August 11, 2009
The stock market fell again today in New York as the Bears and the short sellers and the anti-Keynesians and the bi-polars re-emerged from the woodwork . There is of course room for caution and elevated unemployment will continue for some time.
But some of the analysis one can see on networks like Bloomberg business news is simply nonsense. Some analysts who are clearly wedded to the work of Hayek, von Mises and Rothbard and the Austrian school continue to prematurely dismiss the stimulus, dump on Keynes and argue , quite perversely in my view, that the best solution is to let markets solve the problem by liquidating bad debt and driving failed business from the market place and allow the consequences to fall where they may including the disasterous unemployment that would flow from following this advice. In presenting their argument they also misrepresent the history of the great depression by using selective quotes and data.
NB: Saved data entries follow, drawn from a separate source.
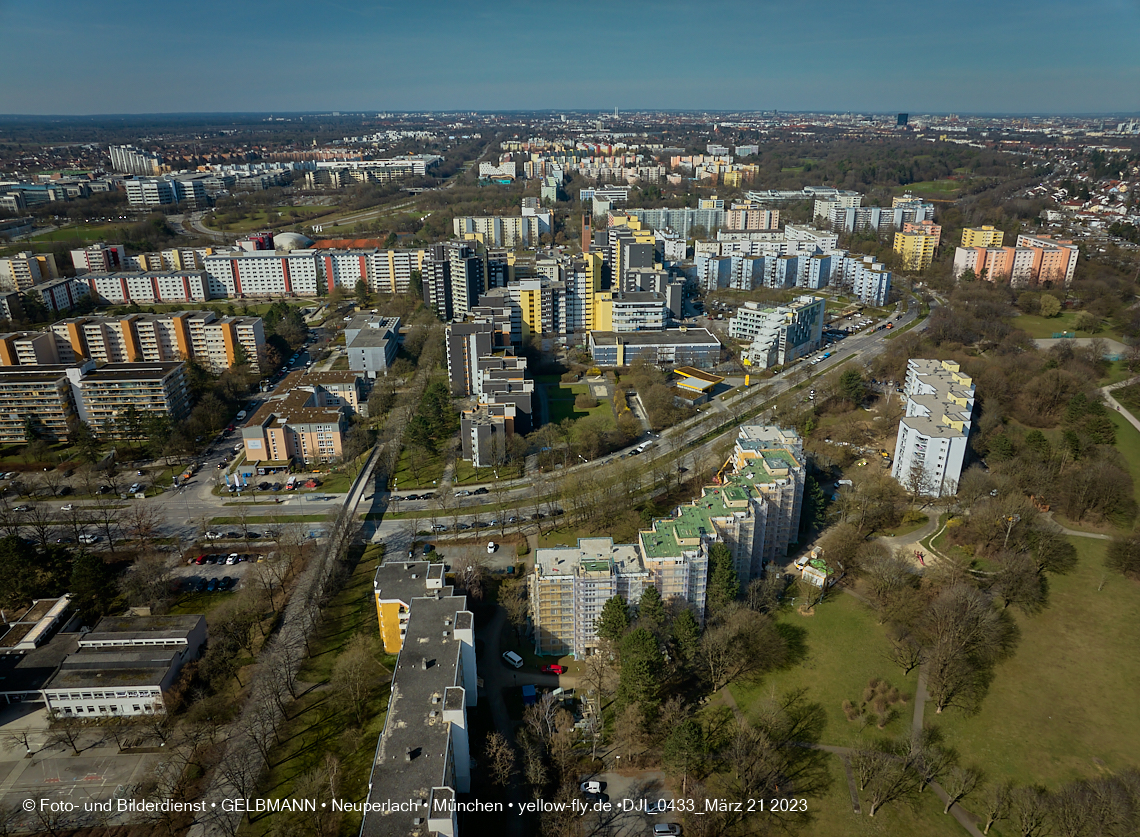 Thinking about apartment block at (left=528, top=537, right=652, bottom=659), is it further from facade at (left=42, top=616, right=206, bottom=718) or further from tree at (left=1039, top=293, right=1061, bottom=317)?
tree at (left=1039, top=293, right=1061, bottom=317)

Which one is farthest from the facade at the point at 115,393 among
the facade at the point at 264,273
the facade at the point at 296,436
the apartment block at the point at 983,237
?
the apartment block at the point at 983,237

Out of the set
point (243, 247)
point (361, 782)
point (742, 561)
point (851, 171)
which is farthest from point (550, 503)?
point (851, 171)

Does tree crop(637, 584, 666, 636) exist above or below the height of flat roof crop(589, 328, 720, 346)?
below

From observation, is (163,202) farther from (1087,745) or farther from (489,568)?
(1087,745)

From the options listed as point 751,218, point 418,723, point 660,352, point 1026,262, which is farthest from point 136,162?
point 418,723

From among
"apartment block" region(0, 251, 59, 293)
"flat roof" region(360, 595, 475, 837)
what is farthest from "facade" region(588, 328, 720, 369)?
"apartment block" region(0, 251, 59, 293)

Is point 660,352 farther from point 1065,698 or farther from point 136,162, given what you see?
point 136,162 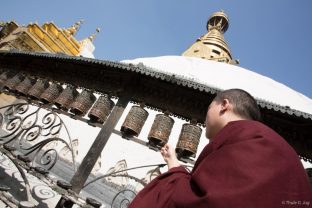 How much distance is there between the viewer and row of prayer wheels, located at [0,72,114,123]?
14.2 feet

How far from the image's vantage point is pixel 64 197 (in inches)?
122

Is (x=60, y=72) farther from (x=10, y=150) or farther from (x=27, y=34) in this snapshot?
(x=27, y=34)

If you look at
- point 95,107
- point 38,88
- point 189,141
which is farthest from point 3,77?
point 189,141

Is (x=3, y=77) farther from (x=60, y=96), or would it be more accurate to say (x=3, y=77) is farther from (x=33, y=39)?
(x=33, y=39)

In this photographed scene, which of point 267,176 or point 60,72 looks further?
point 60,72

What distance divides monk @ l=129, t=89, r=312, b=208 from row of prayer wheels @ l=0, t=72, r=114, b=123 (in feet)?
9.54

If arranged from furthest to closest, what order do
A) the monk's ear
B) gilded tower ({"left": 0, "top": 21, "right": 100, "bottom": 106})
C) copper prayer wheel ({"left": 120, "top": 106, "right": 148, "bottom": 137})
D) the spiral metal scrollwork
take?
gilded tower ({"left": 0, "top": 21, "right": 100, "bottom": 106})
the spiral metal scrollwork
copper prayer wheel ({"left": 120, "top": 106, "right": 148, "bottom": 137})
the monk's ear

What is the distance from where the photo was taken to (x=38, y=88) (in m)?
5.15

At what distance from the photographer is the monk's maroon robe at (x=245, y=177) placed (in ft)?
3.76

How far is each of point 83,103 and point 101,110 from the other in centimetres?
45

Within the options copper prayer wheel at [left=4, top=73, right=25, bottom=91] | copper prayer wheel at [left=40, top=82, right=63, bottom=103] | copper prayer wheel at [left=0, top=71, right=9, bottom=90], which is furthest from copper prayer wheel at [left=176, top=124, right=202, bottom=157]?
copper prayer wheel at [left=0, top=71, right=9, bottom=90]

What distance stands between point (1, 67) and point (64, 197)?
4762 millimetres

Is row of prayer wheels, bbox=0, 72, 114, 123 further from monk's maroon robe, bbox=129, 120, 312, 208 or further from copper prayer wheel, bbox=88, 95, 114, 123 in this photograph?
monk's maroon robe, bbox=129, 120, 312, 208

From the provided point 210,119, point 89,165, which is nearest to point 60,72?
point 89,165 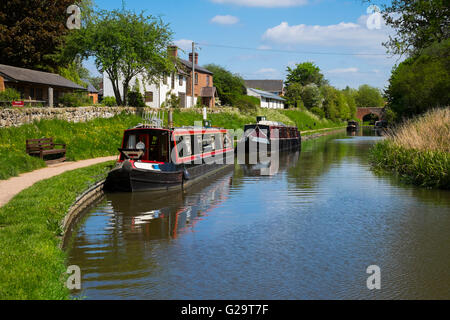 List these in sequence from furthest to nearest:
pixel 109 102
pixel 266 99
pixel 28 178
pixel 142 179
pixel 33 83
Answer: pixel 266 99 → pixel 109 102 → pixel 33 83 → pixel 142 179 → pixel 28 178

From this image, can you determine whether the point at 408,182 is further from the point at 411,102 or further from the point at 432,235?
the point at 411,102

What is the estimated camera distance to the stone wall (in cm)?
2058

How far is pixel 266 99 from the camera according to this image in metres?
84.7

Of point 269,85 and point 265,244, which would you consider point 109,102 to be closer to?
point 265,244

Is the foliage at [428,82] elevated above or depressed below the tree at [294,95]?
below

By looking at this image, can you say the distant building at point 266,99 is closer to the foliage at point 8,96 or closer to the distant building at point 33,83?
the distant building at point 33,83

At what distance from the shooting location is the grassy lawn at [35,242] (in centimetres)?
648

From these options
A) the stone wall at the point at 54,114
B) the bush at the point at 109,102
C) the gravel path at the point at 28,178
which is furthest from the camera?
the bush at the point at 109,102

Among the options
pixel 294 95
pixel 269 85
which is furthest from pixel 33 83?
pixel 269 85

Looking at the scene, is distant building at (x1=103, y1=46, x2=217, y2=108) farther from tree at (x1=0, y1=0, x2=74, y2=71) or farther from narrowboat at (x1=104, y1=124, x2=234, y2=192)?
narrowboat at (x1=104, y1=124, x2=234, y2=192)

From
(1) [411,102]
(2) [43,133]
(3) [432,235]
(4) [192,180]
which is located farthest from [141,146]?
(1) [411,102]

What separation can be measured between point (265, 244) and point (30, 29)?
33684mm

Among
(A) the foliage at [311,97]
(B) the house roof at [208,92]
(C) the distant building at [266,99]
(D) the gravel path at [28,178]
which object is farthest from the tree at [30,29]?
(A) the foliage at [311,97]

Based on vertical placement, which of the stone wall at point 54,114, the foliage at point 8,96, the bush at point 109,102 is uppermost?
the bush at point 109,102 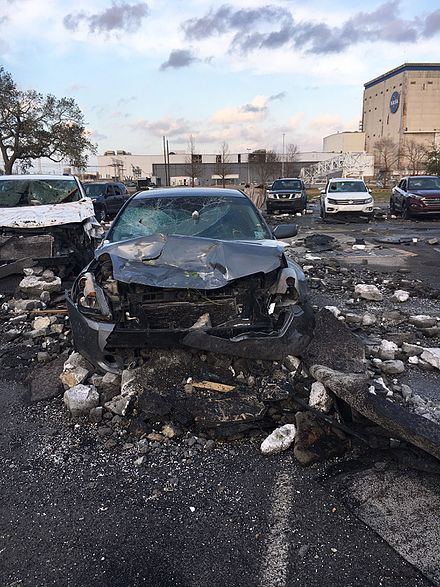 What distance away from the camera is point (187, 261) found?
13.7 feet

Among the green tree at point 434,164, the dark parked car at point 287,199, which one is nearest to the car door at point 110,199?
the dark parked car at point 287,199

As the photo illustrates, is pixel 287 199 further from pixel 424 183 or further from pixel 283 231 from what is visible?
pixel 283 231

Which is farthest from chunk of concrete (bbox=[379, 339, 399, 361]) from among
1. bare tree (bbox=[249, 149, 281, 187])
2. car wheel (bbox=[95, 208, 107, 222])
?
bare tree (bbox=[249, 149, 281, 187])

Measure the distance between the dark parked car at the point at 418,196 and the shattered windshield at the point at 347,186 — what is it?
181 centimetres

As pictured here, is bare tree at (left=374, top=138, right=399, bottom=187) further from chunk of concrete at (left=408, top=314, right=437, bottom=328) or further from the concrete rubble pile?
the concrete rubble pile

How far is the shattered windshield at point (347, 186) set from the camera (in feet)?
68.9

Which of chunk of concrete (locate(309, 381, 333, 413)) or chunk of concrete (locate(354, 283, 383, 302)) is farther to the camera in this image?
chunk of concrete (locate(354, 283, 383, 302))

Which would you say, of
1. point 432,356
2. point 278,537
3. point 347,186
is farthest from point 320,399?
point 347,186

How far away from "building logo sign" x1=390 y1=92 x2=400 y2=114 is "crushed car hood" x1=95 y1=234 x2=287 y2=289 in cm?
10422

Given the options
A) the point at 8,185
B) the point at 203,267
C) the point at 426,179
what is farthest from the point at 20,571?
the point at 426,179

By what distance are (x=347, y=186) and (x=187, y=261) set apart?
1881 cm

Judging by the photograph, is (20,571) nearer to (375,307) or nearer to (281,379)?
(281,379)

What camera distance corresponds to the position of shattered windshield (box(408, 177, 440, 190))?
66.8ft

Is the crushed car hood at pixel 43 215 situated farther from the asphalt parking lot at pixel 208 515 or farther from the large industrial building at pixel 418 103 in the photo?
the large industrial building at pixel 418 103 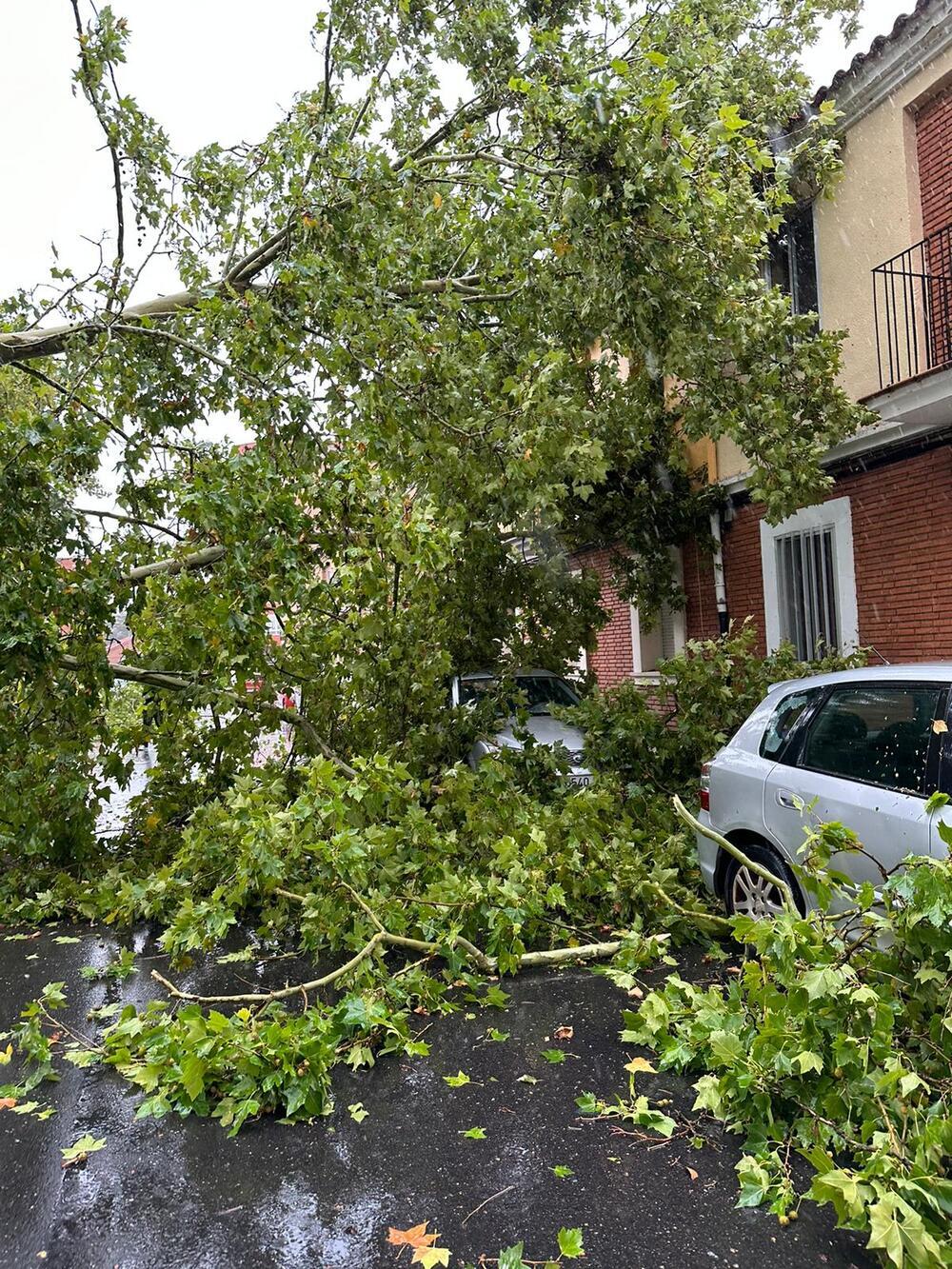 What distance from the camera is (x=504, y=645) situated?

In this sense they remain loyal to Hayek who throughout the 1930s was a strong critic and opponent of Keynes. Indeed, Lionel Robins and his allies had brought Hayek to the L.S.E. from Austria for precisely this reason.Not much has changed. Expect more vociferous criticism from the Austrians. The criticism is welcome and useful but spare us the historical distortions.
Luckily governments have not been listening to this bad advice for the moment.But stock markets which are still in a fragile post traumatic shocked state after the great crash of fall 2008 are easily spooked by this kind of talk and any bad data reports. They require some patience and contemplative calm, but patience is not a virtue among the hyperactive blackberry set who dominate the trading community.